Problem requirements: Beneath this line is the data. Output exactly the lines from the line with "Pouf enfant tricoté" to the line with "3570 Stanley Valley", both ends included, and nothing more.

Extracted entries: Begin

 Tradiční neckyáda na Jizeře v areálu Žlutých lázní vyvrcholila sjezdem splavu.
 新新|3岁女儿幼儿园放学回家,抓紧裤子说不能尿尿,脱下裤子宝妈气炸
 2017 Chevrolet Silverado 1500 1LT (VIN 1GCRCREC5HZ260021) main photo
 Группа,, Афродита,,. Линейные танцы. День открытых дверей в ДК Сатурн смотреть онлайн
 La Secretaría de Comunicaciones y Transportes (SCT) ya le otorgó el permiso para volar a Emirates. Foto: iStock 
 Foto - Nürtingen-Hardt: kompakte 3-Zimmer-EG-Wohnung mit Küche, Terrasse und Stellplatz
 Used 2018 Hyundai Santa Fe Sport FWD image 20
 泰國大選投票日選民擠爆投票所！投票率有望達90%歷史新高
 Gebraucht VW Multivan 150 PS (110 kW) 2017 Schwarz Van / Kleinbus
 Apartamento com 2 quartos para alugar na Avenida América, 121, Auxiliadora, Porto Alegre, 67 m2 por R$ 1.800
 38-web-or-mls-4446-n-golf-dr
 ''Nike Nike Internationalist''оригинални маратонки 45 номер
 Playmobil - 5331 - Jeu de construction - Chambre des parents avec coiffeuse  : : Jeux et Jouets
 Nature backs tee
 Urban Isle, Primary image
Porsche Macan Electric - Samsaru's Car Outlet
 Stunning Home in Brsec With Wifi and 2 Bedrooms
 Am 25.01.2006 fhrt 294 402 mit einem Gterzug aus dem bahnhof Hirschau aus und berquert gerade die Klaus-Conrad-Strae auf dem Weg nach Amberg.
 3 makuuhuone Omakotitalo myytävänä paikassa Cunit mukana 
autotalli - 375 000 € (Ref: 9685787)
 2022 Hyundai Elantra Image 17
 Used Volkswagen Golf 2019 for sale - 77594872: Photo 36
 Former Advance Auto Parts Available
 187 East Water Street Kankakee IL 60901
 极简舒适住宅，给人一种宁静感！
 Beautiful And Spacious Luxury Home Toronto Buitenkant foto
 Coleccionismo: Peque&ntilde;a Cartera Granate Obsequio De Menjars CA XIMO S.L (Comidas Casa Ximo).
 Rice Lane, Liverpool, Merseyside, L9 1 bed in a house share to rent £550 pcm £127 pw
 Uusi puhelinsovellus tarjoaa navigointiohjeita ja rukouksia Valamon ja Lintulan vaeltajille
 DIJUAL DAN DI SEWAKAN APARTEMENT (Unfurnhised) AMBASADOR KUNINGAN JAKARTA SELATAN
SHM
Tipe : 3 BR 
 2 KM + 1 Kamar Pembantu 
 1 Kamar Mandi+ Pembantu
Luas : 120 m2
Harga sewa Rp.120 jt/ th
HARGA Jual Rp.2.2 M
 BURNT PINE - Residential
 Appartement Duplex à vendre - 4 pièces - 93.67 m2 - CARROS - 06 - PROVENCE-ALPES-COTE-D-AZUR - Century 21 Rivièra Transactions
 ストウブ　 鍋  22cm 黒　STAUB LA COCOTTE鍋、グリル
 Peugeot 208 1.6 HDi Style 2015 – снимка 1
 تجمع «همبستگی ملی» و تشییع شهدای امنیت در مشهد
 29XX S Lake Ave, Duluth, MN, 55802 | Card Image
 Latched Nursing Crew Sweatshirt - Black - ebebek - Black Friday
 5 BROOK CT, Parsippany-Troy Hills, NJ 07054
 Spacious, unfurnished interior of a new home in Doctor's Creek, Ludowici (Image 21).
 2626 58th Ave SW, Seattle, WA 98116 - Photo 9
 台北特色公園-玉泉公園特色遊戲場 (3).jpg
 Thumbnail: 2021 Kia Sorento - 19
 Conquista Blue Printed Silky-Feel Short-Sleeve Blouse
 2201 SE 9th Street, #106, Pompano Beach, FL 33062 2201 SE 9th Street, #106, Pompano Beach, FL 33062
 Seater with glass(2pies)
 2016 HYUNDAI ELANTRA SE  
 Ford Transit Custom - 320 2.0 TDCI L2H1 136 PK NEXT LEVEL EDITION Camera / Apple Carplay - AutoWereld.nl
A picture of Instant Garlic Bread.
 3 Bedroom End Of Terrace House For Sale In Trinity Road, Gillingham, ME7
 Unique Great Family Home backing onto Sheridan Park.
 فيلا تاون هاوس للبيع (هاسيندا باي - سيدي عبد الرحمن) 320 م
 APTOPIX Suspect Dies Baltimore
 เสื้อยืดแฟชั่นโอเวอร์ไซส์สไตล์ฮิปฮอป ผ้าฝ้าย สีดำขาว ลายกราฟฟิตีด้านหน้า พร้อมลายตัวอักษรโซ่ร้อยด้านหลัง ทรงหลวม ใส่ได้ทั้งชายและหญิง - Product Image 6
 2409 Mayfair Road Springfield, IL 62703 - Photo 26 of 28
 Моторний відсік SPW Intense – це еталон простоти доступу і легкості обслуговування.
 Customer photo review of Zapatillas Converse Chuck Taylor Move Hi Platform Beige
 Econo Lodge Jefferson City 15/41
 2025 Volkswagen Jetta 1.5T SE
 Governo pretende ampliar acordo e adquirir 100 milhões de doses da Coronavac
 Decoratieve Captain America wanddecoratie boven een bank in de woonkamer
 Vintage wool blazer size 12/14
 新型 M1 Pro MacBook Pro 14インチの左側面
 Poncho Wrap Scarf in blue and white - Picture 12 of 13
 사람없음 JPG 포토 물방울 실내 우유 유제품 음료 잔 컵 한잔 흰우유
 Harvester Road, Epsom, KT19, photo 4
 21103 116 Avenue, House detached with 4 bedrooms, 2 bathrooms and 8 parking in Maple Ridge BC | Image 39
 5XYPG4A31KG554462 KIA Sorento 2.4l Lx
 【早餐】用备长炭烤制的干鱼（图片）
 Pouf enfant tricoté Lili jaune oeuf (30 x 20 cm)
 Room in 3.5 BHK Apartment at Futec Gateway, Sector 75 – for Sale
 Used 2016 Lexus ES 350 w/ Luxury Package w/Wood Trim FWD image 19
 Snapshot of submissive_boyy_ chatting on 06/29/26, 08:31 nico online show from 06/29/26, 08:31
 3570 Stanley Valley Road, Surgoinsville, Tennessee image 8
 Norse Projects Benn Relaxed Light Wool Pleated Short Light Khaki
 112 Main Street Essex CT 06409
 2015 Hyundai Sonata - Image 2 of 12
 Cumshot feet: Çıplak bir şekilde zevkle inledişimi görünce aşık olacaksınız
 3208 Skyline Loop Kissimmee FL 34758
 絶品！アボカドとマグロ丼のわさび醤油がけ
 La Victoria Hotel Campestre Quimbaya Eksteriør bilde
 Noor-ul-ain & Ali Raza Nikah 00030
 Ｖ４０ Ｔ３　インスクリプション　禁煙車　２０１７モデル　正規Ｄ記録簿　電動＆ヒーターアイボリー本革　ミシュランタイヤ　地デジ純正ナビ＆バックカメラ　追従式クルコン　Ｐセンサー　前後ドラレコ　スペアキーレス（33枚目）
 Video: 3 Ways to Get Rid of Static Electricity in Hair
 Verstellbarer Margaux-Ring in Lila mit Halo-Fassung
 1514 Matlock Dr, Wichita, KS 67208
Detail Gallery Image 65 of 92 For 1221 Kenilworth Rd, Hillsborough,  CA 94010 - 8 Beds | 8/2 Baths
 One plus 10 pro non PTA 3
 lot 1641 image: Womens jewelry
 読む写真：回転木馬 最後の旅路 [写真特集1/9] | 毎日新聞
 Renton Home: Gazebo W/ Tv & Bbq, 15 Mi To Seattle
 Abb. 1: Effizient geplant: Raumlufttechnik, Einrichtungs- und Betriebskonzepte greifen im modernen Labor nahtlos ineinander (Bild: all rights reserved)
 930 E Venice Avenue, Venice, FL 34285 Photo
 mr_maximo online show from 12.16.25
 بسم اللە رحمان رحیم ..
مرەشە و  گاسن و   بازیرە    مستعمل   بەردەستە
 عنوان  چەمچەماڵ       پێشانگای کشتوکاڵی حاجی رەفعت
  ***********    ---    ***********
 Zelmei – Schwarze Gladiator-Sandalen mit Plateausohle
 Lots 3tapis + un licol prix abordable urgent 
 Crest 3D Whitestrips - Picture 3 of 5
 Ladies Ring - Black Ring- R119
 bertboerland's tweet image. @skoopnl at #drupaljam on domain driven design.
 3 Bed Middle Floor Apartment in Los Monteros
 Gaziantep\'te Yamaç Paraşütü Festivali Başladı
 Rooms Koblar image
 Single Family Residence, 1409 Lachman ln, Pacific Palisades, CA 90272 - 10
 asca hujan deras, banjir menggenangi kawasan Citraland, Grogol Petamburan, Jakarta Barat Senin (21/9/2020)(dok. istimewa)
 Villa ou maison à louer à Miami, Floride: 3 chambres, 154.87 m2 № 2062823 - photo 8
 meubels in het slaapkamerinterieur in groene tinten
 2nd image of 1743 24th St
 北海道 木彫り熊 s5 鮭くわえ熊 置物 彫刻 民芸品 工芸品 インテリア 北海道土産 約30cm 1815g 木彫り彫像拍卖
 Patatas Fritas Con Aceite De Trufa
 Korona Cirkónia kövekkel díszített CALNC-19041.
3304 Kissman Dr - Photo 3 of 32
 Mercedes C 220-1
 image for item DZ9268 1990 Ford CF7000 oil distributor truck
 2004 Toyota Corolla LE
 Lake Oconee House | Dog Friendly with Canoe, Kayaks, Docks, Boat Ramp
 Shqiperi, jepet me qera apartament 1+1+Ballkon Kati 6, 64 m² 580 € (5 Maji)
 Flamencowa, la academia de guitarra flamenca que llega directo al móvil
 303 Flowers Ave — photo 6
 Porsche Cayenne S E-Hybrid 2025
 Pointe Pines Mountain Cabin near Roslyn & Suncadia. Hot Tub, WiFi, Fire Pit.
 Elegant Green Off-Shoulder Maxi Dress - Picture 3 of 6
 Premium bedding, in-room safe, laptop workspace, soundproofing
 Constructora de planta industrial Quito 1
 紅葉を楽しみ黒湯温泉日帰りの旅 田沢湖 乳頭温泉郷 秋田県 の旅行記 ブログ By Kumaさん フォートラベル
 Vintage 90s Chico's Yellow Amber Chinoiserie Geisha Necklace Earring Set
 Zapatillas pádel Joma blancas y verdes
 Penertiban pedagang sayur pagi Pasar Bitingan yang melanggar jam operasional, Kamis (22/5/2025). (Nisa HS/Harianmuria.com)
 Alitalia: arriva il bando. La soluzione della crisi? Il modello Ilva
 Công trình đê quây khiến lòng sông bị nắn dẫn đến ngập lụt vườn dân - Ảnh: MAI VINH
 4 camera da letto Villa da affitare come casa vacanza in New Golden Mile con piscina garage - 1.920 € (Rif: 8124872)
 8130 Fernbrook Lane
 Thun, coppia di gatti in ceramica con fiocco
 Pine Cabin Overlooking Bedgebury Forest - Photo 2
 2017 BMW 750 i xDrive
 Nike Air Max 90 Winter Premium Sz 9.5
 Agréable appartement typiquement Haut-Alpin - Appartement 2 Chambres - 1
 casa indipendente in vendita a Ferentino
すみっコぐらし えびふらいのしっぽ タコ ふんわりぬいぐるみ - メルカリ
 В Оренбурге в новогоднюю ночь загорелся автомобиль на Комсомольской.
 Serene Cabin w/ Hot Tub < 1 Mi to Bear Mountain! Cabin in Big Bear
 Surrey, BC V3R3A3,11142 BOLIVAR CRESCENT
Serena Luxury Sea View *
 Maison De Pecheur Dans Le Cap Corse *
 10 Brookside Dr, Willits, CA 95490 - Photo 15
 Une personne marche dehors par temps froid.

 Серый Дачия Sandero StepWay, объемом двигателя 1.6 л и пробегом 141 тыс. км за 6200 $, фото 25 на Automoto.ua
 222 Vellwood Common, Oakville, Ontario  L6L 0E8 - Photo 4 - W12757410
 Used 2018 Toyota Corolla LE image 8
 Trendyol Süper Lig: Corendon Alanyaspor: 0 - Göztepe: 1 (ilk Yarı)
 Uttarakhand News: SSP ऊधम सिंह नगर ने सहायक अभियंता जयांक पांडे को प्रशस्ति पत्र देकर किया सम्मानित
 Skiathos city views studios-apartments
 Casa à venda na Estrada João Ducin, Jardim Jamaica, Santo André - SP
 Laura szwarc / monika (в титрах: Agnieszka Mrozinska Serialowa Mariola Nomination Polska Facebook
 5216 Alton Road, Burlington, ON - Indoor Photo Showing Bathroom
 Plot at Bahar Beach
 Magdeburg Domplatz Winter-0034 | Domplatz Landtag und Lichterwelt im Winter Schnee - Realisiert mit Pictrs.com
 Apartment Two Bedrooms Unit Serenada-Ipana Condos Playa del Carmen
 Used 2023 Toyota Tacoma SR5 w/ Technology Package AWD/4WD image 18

Extracted entries: End

Finished exercise:
 Pouf enfant tricoté Lili jaune oeuf (30 x 20 cm)
 Room in 3.5 BHK Apartment at Futec Gateway, Sector 75 – for Sale
 Used 2016 Lexus ES 350 w/ Luxury Package w/Wood Trim FWD image 19
 Snapshot of submissive_boyy_ chatting on 06/29/26, 08:31 nico online show from 06/29/26, 08:31
 3570 Stanley Valley Road, Surgoinsville, Tennessee image 8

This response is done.